Und so kam es, dass De March ohne Studium in den letzten Jahren Stufe für Stufe auf der Hierarchieleiter erklommen hat. Aus der Ground Hostess bei der früheren Swissair - auch da war sie von Anfang an für die schwierigen Kunden zuständig -, wurde sie erst Verkaufsleiterin von Carlson Wagonlit Travel in Deutschland, wechselte dann ins Hauptquartier von TQ3 und amtet seit der Übernahme durch BCD Travel in ihrer heutigen Position als Chefin der Region Europa, Mittlerer Osten und Afrika (Emea).

«Ich wollte arbeiten», sagt sie als Begründung, warum sie nicht studiert habe. Sie war zwar Klassenbeste, hat sich aber gegen die Matura und für die Handelsmittelschule entschieden. Denn dort konnte sie Wirtschaftsfächer besuchen, was sie unbedingt wollte. Die fehlende akademische Ausbildung war in ihrem Berufsleben nie ein Hindernis. «Learning by doing» liege ihr. Genauso wie der Kontakt mit Kunden. Inzwischen kennt sie die meisten Eigenheiten ihrer internationalen Klientel. Ihr Beruf bringe es mit sich, dass man aufeinander zugehe und Kompromisse mache - auch wenn man manchmal eine andere Sprache spreche. De March hält wenig von Floskeln.

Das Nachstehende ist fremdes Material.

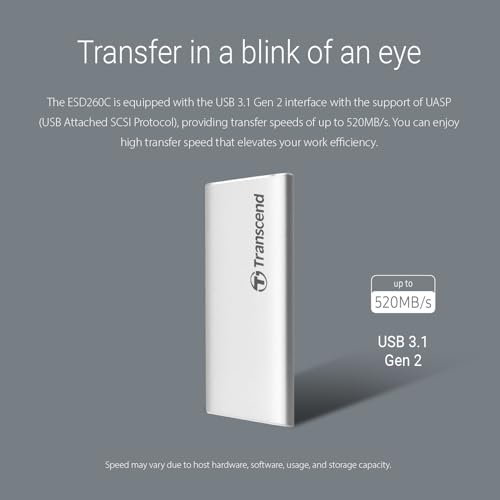 Transcend 500GB ESD260C Portable SSD, 520 MB/s, Aluminium, USB-C, Silber | Schlankes, externes SSD-Laufwerk im Taschenformat mit USB 3.2 Gen 2 für MacBook, iPad und Mac
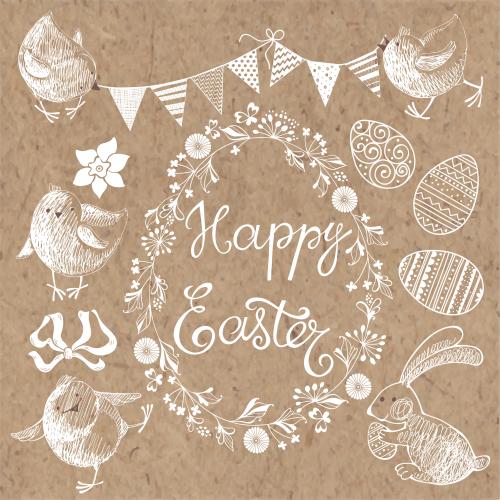 Vogel. Vektor grafische Elemente im Osterthema, Schriftzug Happy Easter auf Karte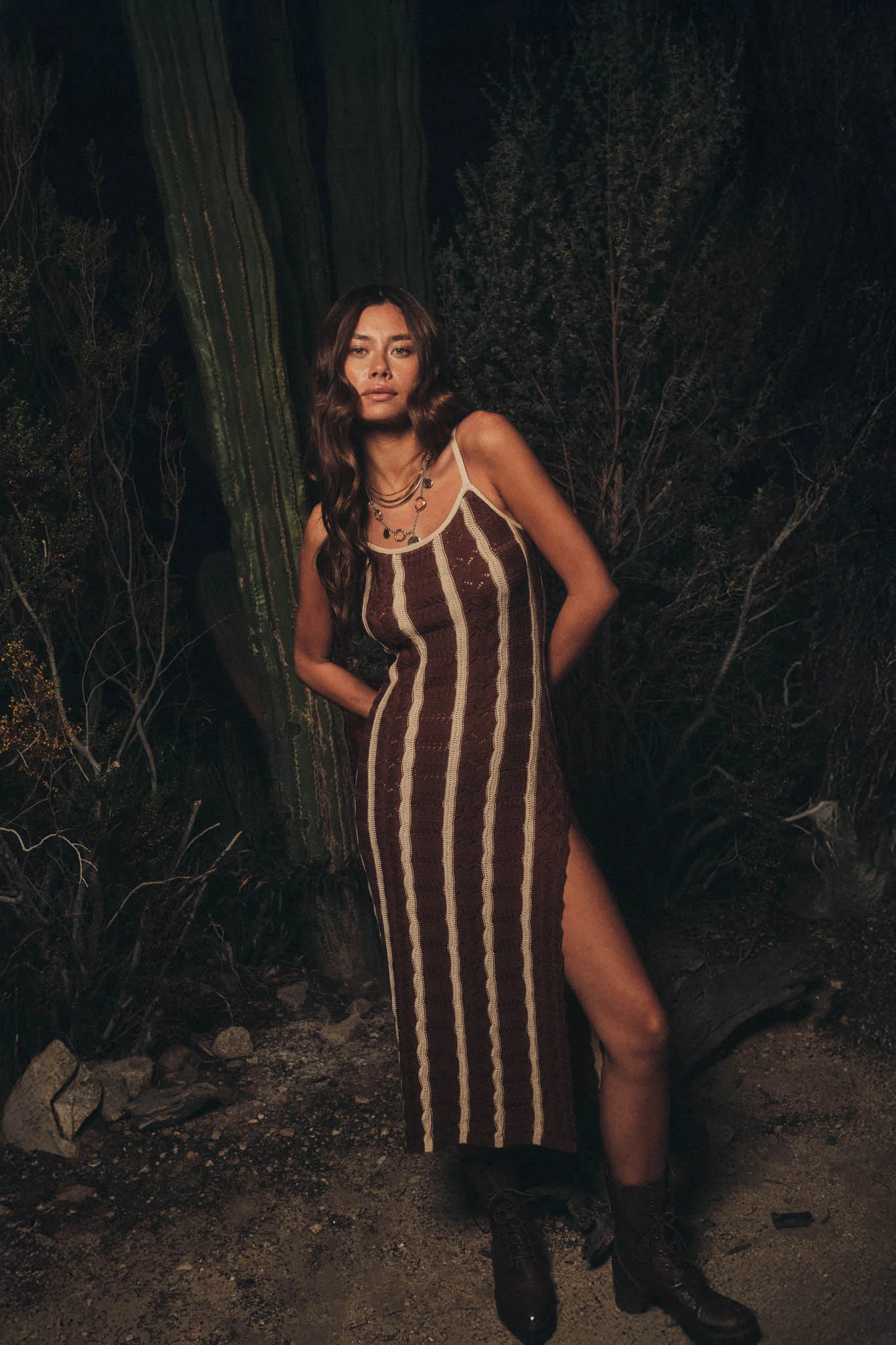 In My Lane Striped Crochet-Knit Midi Slip Dress - Image 3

Als ein englischer Kunde eine Präsentation von ihr kürzlich mit den Worten «Thats interesting» quittierte, habe sie nur gelacht und gesagt: «You mean its bullshit.» Eine neue Präsentation musste her, und die hat dann gepasst.

Fotografieren als Hobby

Vor lauter Kundengesprächen und den vielen Reisen bleibt ihr nur wenig Zeit für ihren Partner, mit dem sie in Amsterdam ein Appartement in einer ruhigen Gracht teilt. Der Partner ist Controller in einem grossen Unternehmen und beruflich ebenso eingespannt wie sie. Dass sie kinderlos blieb, hat ihre Mutter zwar bedauert, «aber sie hat es akzeptiert, wie sie all meine Entscheidungen akzeptiert hat». In ihrer spärlichen Freizeit fotografiert De March leidenschaftlich gerne. Landschaften und Tiere in Kenia gehören zu ihren liebsten Sujets, «aber ich habe auch schon mal an einer Sitzung gesagt: Jetzt bleibt kurz alle so, wie ihr seid, das muss ich fotografieren!»

Wer so viel berufliche Ambitionen an den Tag legt, stellt bestimmt auch seine Bilder öffentlich aus? De March lacht einmal mehr und sagt dann zwei Sätze, die man von ihr so nicht erwartet: «Ich würde wirklich gerne, aber wissen Sie was? Ich traue mich nicht!»